Volume 9 Supplement 3
Results of pollicisation: what works and what doesn’t
- Michael Tonkin1
© Tonkin; licensee BioMed Central Ltd. 2015
Published: 19 May 2015
The aim of pollicisation is to provide a strong, stable and mobile thumb of optimal size and shape. The controlling factors are the quality of the index finger, the quality of the adjacent digits and the stability and mobility of the wrist, all of which will be compromised by hypoplasia of bones, joints and soft tissues. However, even a stiff, bent, hypoplastic index finger accompanying a forearm radial longitudinal deficiency is used as a thumb for some activities, albeit in a modified manner.
Assessment modalities include those of strength, pinch and grip, mobility, functional tests such as the Jebsen timed test, and documentation of thumb use for small, medium and large sized objects.
A number of factors relating to technique will assist the surgeon in obtaining optimal results:
These take the form of a modified z-plasty. The palmar transverse incision is altered in position according to the degree of stiffness of the joints of the index finger. The incisions must allow adequate dissection of the neurovascular bundle of the web space between index and middle fingers and allow adequate mobilisation of the tendons to the PIP joint level.
The neurovascular bundle is identified, directing attention to the possibility of a neural ring or aberrant vascular anatomy. The A1 and A2 pulleys are divided. The intrinsic dissection is performed with the extensor tendons intact and the skeleton intact. Avoid injury to the collateral ligaments at MCP joint level during mobilisation of the intrinsic tendon apparatus and free the lateral bands from the central slip to beyond the PIP joint level.
Veins and nerves are protected. The extrinsic tendon mobilisation is continued. The extensor tendons are divided at the MCP joint level.
An osteotomy is performed at the head-neck junction of the metacarpal, removing the physis, flowering the metaphysis to retain some corticocancellous bone, extending the MCP joint and placing an antegrade K-wire axially along the line of the digit. The diaphysis of the metacarpal is then removed, retaining the base of the metacarpal, leaving the base long on its dorso-radial aspect. The digit is then concertinaed into the defect and held with one 0.7mm K-wire and one 2-0 Ticron suture, along with bone graft to aid in union of the new trapezium to the metacarpal base. Positioning of the ray must satisfy the demands of adequate rotation, palmar and radial abduction, extension of the MCP joint of the index finger, placement of the thumb ray in an anterior plane to that of the finger metacarpals and it is this surgeon’s intent to obtain bone to bone union of the new trapezium to the base of the metacarpal.

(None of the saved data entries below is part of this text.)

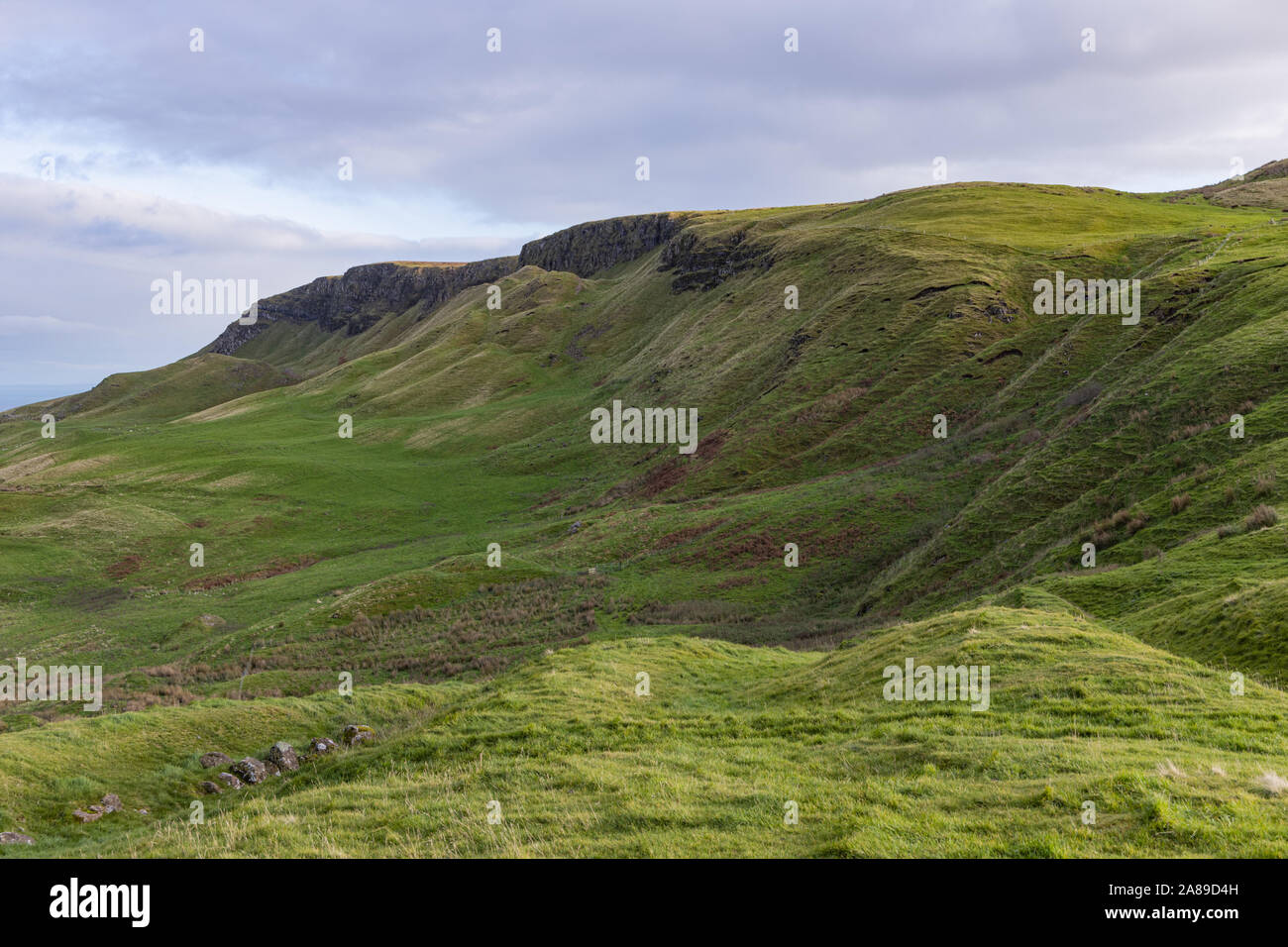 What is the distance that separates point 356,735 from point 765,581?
28987mm

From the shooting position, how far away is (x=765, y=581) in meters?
45.8

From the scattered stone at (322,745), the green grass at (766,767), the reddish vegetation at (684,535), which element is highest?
the reddish vegetation at (684,535)

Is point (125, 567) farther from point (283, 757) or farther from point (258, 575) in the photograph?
point (283, 757)

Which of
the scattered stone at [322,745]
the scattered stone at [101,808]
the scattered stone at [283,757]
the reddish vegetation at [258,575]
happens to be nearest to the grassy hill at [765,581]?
the scattered stone at [101,808]

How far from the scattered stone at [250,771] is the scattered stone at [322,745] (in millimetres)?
1653

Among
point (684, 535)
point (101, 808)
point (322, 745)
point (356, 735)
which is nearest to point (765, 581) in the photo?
point (684, 535)

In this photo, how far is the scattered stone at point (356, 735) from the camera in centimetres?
2188

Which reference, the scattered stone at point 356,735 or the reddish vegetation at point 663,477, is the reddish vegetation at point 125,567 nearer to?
the reddish vegetation at point 663,477

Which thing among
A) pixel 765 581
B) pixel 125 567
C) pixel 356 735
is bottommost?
pixel 356 735

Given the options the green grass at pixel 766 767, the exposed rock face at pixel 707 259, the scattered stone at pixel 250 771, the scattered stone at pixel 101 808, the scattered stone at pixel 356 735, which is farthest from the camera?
the exposed rock face at pixel 707 259

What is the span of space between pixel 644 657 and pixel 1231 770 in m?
17.6

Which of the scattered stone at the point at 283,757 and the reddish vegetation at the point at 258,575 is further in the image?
the reddish vegetation at the point at 258,575

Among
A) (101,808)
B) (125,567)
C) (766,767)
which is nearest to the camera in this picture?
(766,767)

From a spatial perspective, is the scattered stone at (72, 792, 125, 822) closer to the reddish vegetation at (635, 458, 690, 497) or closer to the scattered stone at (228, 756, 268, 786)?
the scattered stone at (228, 756, 268, 786) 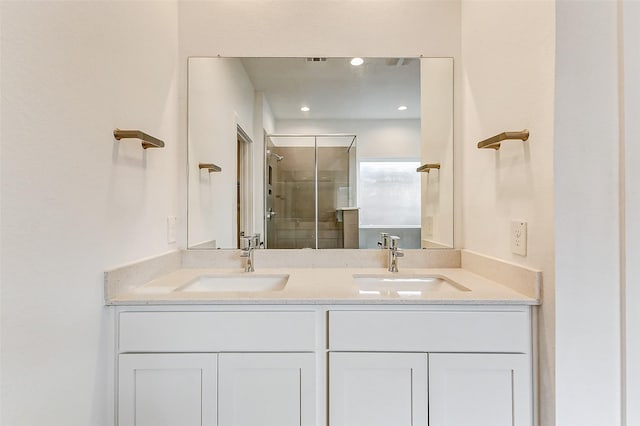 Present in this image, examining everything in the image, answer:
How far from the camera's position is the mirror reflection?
5.73ft

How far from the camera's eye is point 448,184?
1750 mm

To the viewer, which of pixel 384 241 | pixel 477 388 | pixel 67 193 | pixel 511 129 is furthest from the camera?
pixel 384 241

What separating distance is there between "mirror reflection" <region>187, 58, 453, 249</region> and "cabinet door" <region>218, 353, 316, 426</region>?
705mm

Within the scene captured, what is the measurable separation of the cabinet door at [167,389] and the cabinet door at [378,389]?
0.42m

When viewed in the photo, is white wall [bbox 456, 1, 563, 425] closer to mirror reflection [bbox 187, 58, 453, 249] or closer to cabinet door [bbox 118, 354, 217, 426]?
mirror reflection [bbox 187, 58, 453, 249]

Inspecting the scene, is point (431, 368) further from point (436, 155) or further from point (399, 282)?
point (436, 155)

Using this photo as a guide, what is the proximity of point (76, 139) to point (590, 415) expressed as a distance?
1.72m

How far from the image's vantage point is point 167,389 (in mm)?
1135

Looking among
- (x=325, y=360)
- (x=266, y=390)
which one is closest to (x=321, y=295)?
(x=325, y=360)

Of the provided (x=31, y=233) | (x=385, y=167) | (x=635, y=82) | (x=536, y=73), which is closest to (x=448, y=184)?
(x=385, y=167)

The extensor indicis proprius is transferred to the extensor pollicis brevis and the extensor digitorum communis to the abductor pollicis longus. A concertina of the lateral bands will allow appropriate tension for the intrinsic tendon reconstructions.
Finally the flaps are decompressed proximally to allow insertion for optimal contour.
The hand and forearm are retained in a plaster splint for five weeks when the K-wire is removed. The therapists can then perform some massage and bathing, along with the parents, using an intermittent functional splint. Buddy strapping of the fingers together will assist in encouraging thumb activity.
A recent study has indicated that union of the new trapezium to the base of the metacarpal is desirable, improving strength and stability of the thumb ray, allowing optimal growth and optimal function.
Precise attention to the above details will provide optimal results.